20 Aug 2009

Create a custom-made book cradle to minimise risk during the digitisation process





Introduction



When in 2009, as part of the long-term digitisation strategy, the British Library digitised 250 early Greek manuscripts as the first phase of an ongoing externally-funded project to digitise the entire Greek manuscript collection. The manuscripts chosen for digitisation ranged in condition from fair to good. Of course all those in poor condition were excluded from digitisation and sent to be treated or put aside for later conservation.



But one very important piece of equipment that became essential to the project was a humble book cradle designed for the handling of manuscript during the digitisation process and here we provide instructions for its assembly.



The need for a book support for the digitisation process was highlighted during the making of a risk assessment that was made at the beginning of the project, the framework of which will form part of a possible further article. This collection care risk assessment was aimed at identifying possible causes of harm to the manuscripts and to help mitigate such risks, whilst enabling the ease of project workflow. To manage these collection care requirements, the project included the work of a full-time book conservator to evaluate the risks attached to the digitisation of this collection.



It was established quite early that the main risk factors were around the handling processes, particularly during



  1. Transport


  2. Digitisation in studios


  3. Storage




The main focus of this assessment was to evaluate the risks to manuscripts through the process of mechanical handling during the whole project and some aspects of storage.



As handling presented the highest risk overall, it was imperative that all those involved in the process of handling should first observe some of the basic preservation handling rules, such as clean hands, ensuring the correct handling mechanisms were in place such as trolleys, cradles and establishing safer access routes before moving items from one place to another.



Handling during the actual digitisation process was identified as presenting the highest risk of all. It was important to consider the worst-case scenario for digitisation handling, as handling during this process is not always in the presence of the collection care staff.

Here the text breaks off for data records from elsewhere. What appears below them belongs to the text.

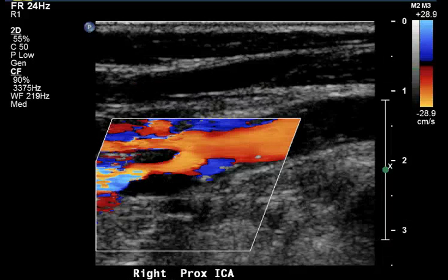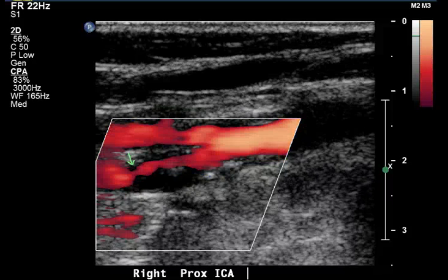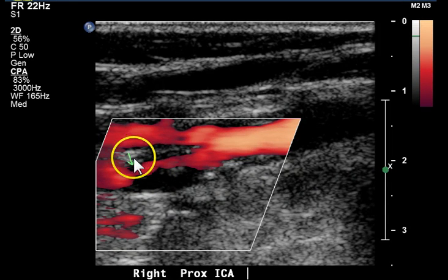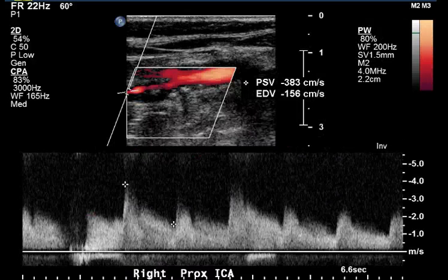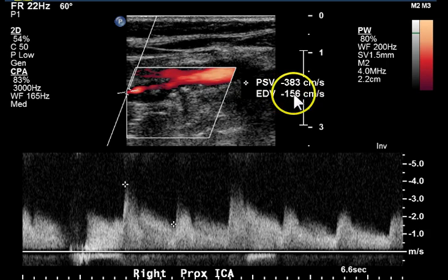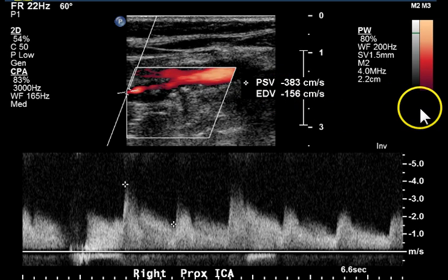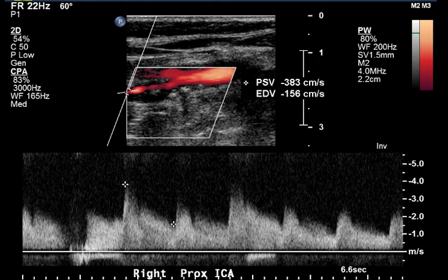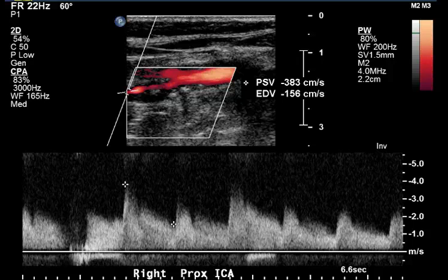Another color Doppler image and power Doppler showing the area of disease, with an arrow marking a marked narrowing of the flow lumen. Here we have a signal at that area, again with an increased systolic velocity of 383 centimeters per second and an end diastolic velocity of 156 centimeters per second.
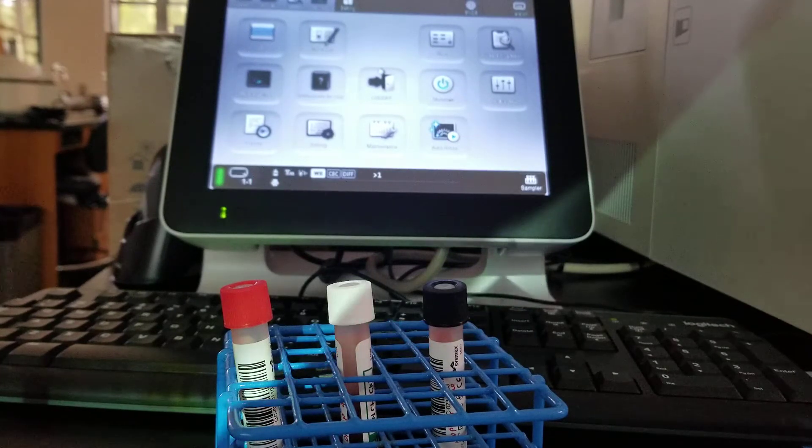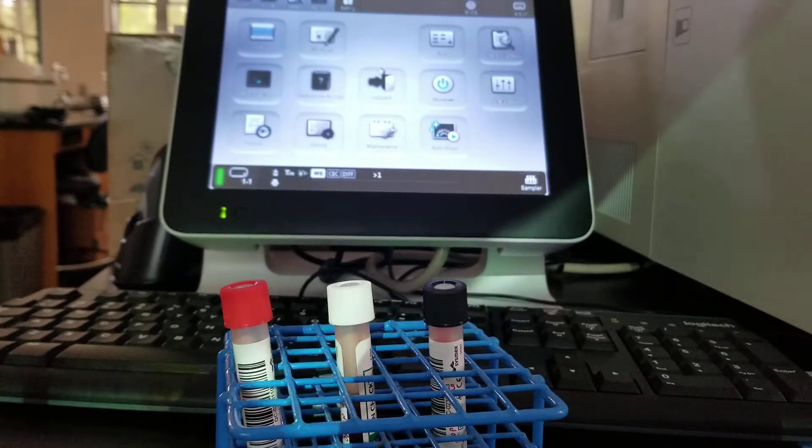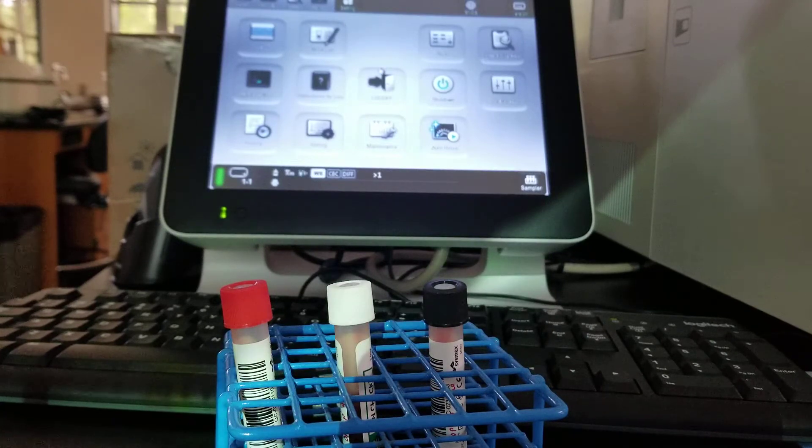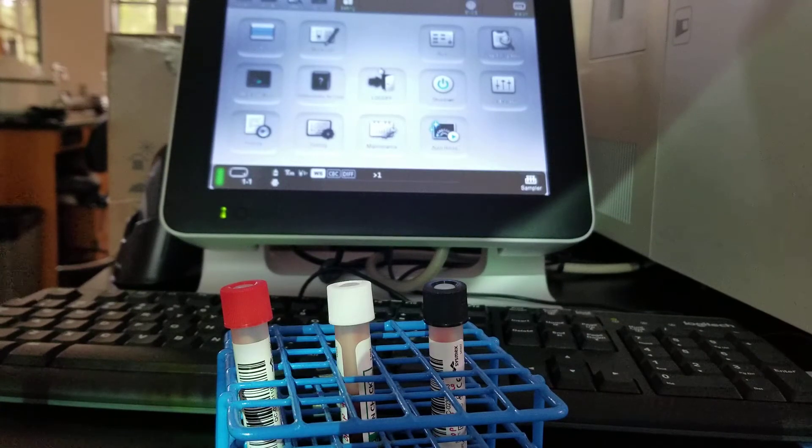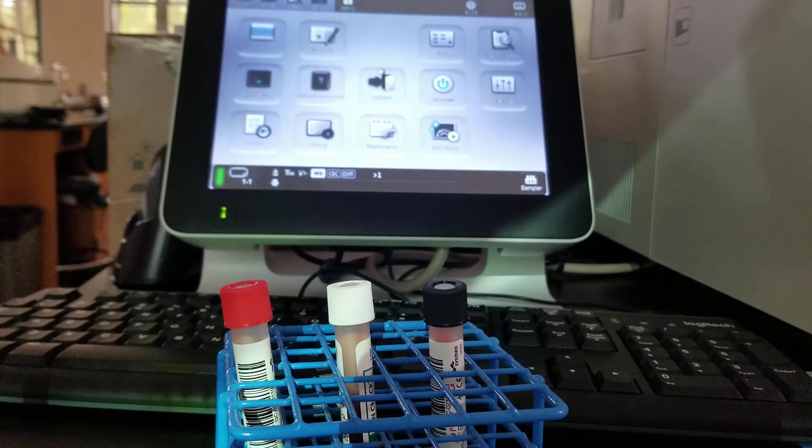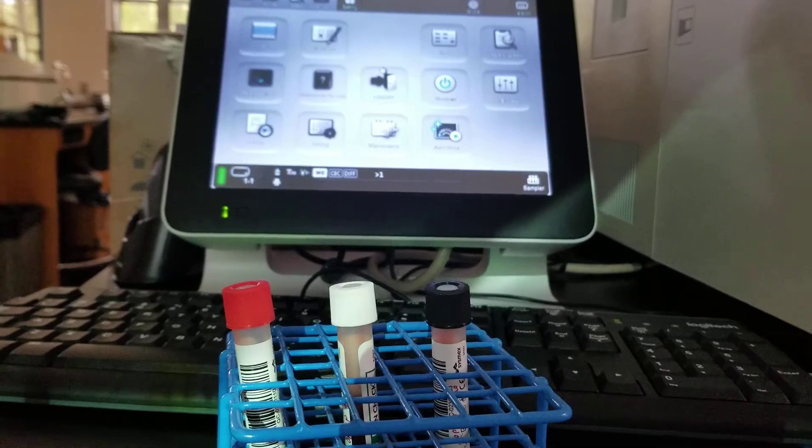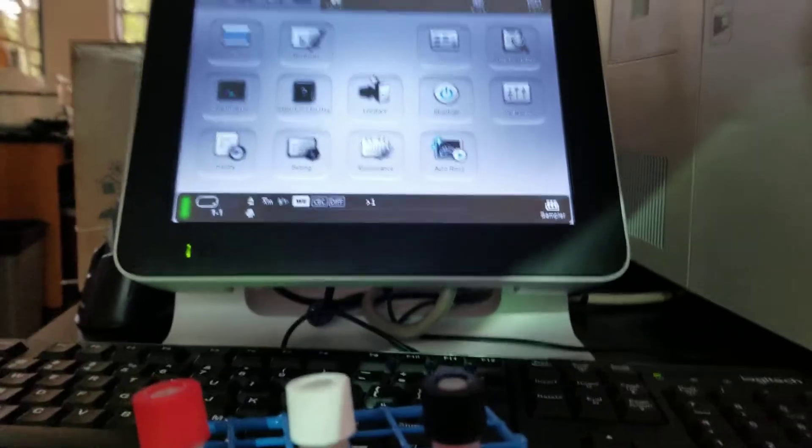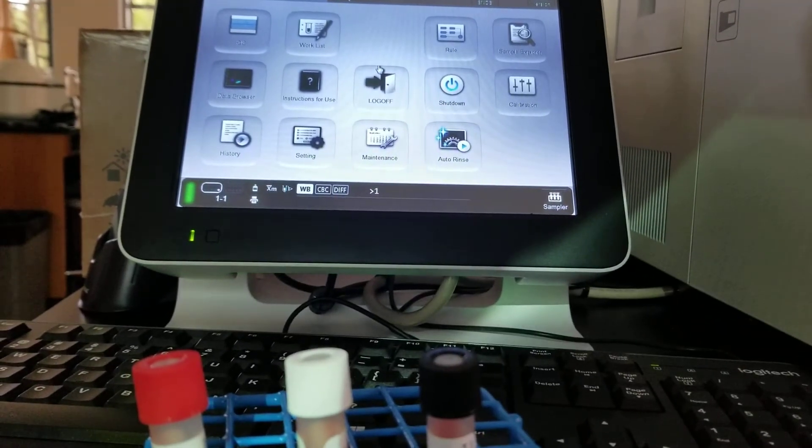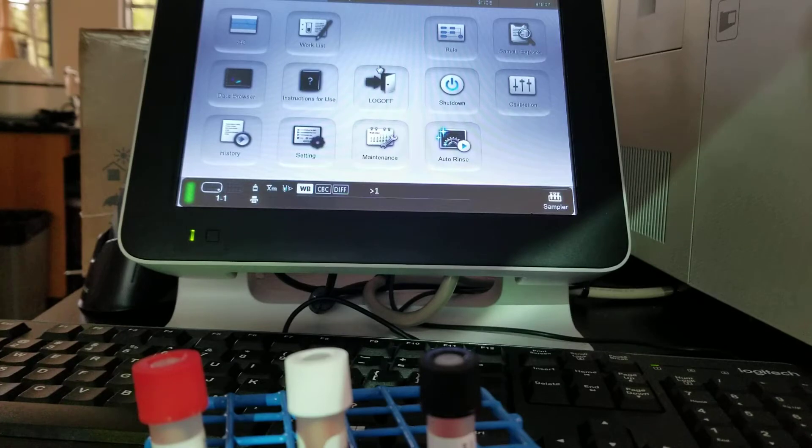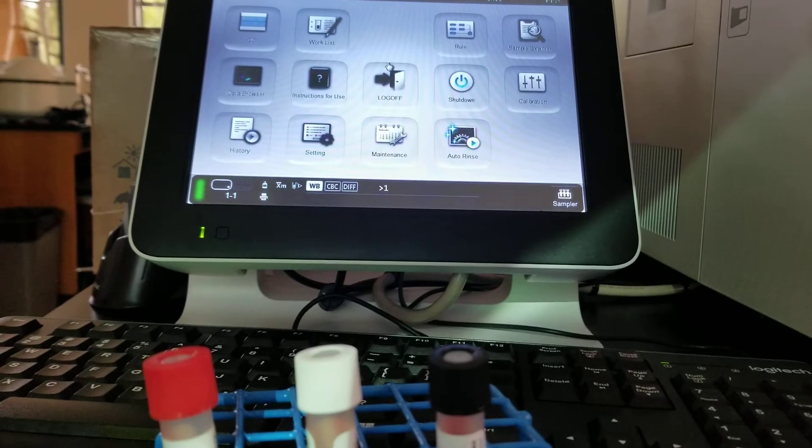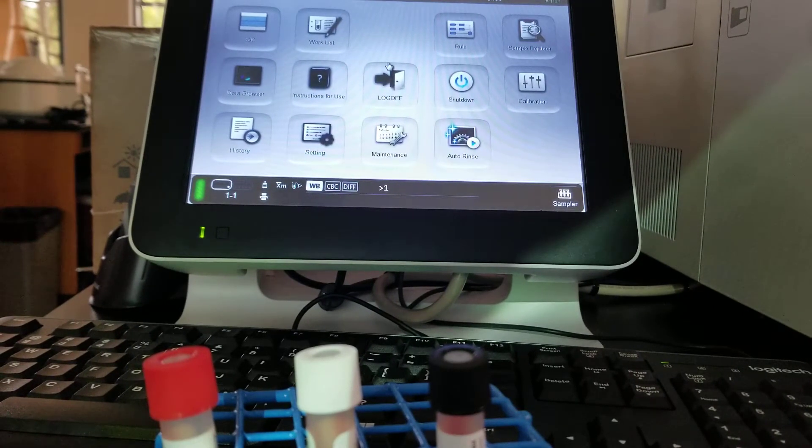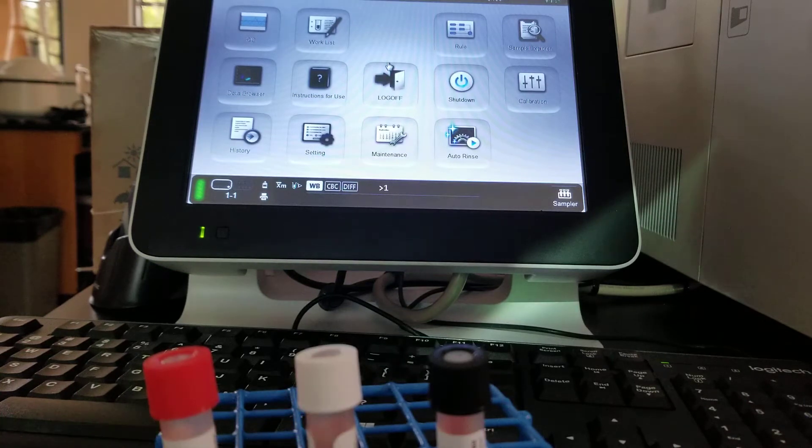It did not flag us to do the cell clean auto like I was hoping it was going to, but we're going to do it to make sure our analyzer is running really well. At the end of class, you do this procedure also. It's part of your daily maintenance that you're going to do.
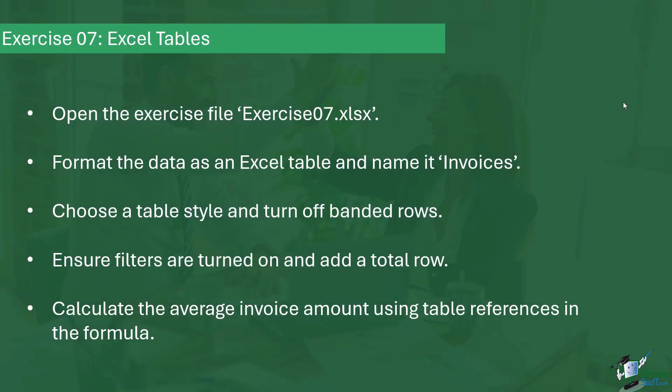It's time now to do exercise seven. In this exercise we're going to practice some of the skills that we've learned in this section of the course. The first thing I'd like you to do is open the exercise file Exercise07.xlsx and format the data as an Excel table and name that table Invoices.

In order to mitigate those risks and as a result of the primary risks identified during the risk assessment phase of the Greek Manuscripts Digitisation Project, it was decided to design and develop an easy-to-use and adaptable book cradle the cradle was intended to support manuscripts whilst they were being digitised.



The book cradle was designed to be used only where one page at a time was being photographed or digitised. It was used with a common photographic stand with the camera placed perpendicular to the page to be digitised. The book support is also adjustable depending from the type of the spine the book to be digitised has.



The resulting cradle enabled a safe and faster digitisation of many of the manuscripts so far and has also been used recently for other digitisation projects.

Book support: construction and use



The following instructions are intended to explain and show clearly and easily the construction of the book cradle. They are offered to anyone wishing to make a cost-effective cradle for use in their institution.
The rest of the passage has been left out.